4. L'ufficio, diretto da un
responsabile nominato dal Presidente del Consiglio dei Ministri o da un
Ministro da lui delegato, si articola secondo le modalita' organizzative
fissate con successivo decreto del Presidente del Consiglio dei Ministri,
con cui si provvede ad apportare le opportune modifiche al decreto del
Presidente del Consiglio dei Ministri in data 23 luglio 2002, recante
ordinamento delle strutture generali della Presidenza del Consiglio dei
Ministri, pubblicato nella Gazzetta Ufficiale n. 207 del 4
settembre 2002.
5. L'ufficio puo' avvalersi anche di
personale di altre amministrazioni pubbliche, ivi compresi magistrati e
avvocati e procuratori dello Stato, in posizione di comando, aspettativa o
fuori ruolo, nonche' di esperti e consulenti esterni. Si applica l'articolo 17,
commi 14 e 17, della legge 15 maggio 1997, n. 127.
6. Il numero dei soggetti di cui al
comma 5 e' determinato con il decreto di cui al comma 4,
secondo quanto previsto dall'articolo 29 della legge 23 agosto 1988, n. 400 e
dall'articolo 9 del decreto legislativo 23 luglio 1999, n.
303.
7. Gli esperti di cui al comma 5 sono
scelti tra soggetti, anche estranei alla pubblica amministrazione, dotati di
elevata professionalita' nelle materie giuridiche, nonche' nei settori della
lotta alle discriminazioni, dell'assistenza materiale e psicologica ai soggetti
in condizioni disagiate, del recupero sociale, dei servizi di pubblica
utilita', della comunicazione sociale e dell'analisi delle politiche pubbliche.
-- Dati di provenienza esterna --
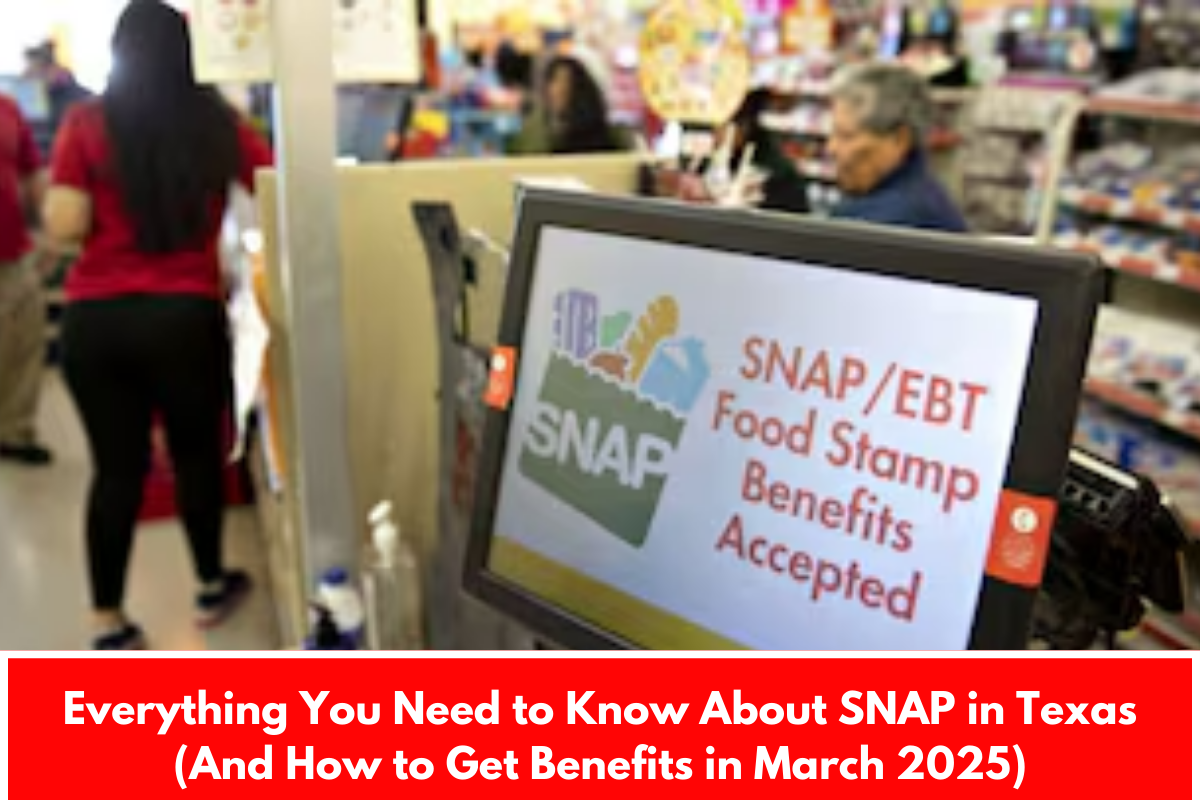 Everything You Need to Know About SNAP in Texas (And How to Get Benefits in March 2025)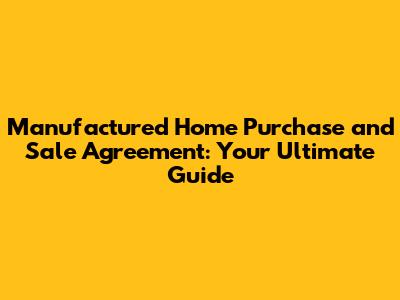 Manufactured Home Purchase and Sale Agreement: Your Ultimate Guide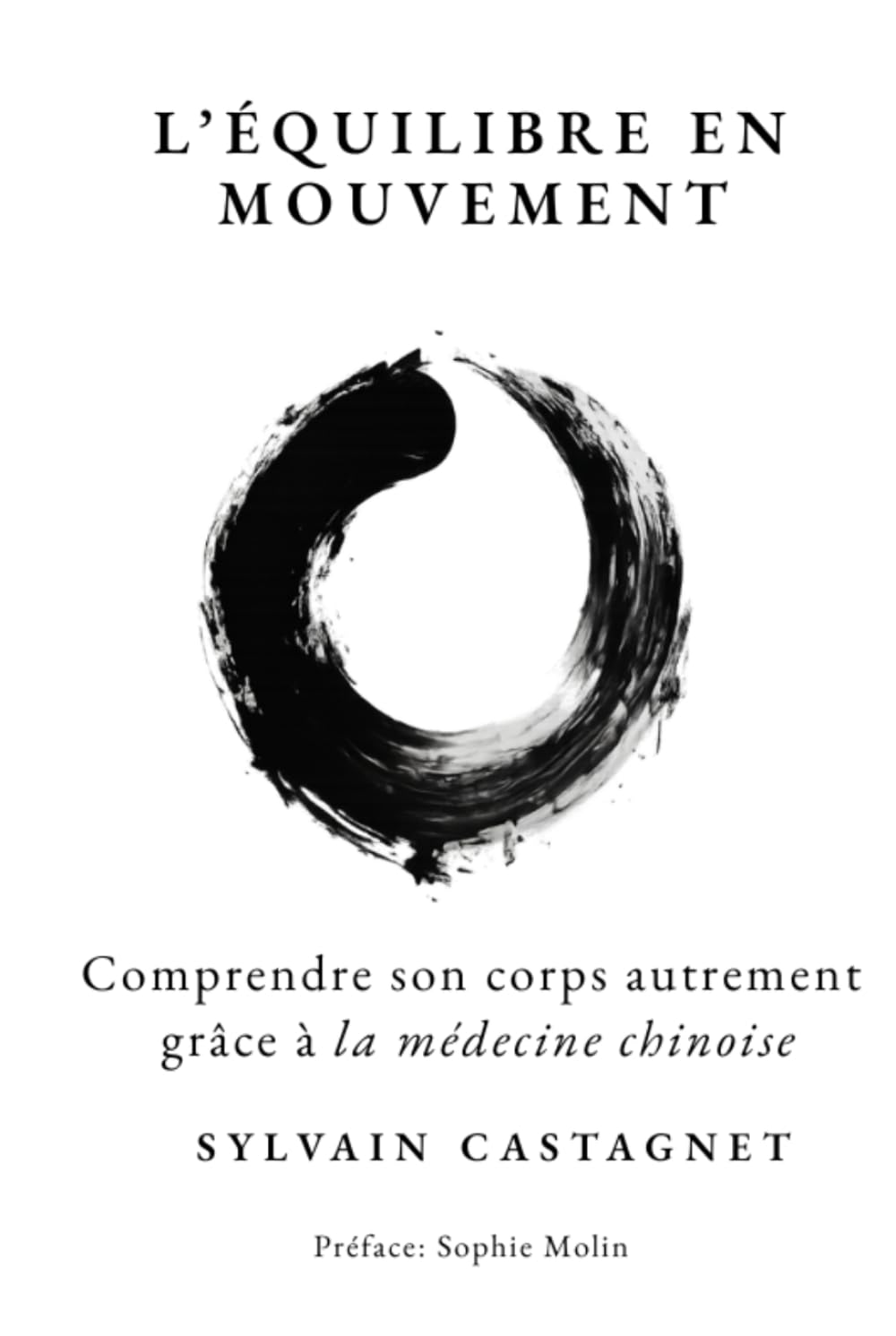 L'équilibre en mouvement: Comprendre son corps autrement grâce à la médecine chinoise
8. Sono fatte salve le competenze delle
regioni e delle province autonome di Trento e di Bolzano.
Art. 8.
Copertura finanziaria
1. Agli oneri finanziari derivanti
dall'istituzione e funzionamento dell'ufficio di cui all'articolo 7, nel limite
massimo di spesa di 2.035.357 euro annui a decorrere dal 2003, si provvede
ai sensi dell'articolo 29, comma 2, della legge 1¡ marzo 2002, n. 39.
2. Fatto salvo quanto previo dal comma
1, dall'attuazione del presente decreto non derivano oneri
aggiuntivi per il bilancio dello Stato.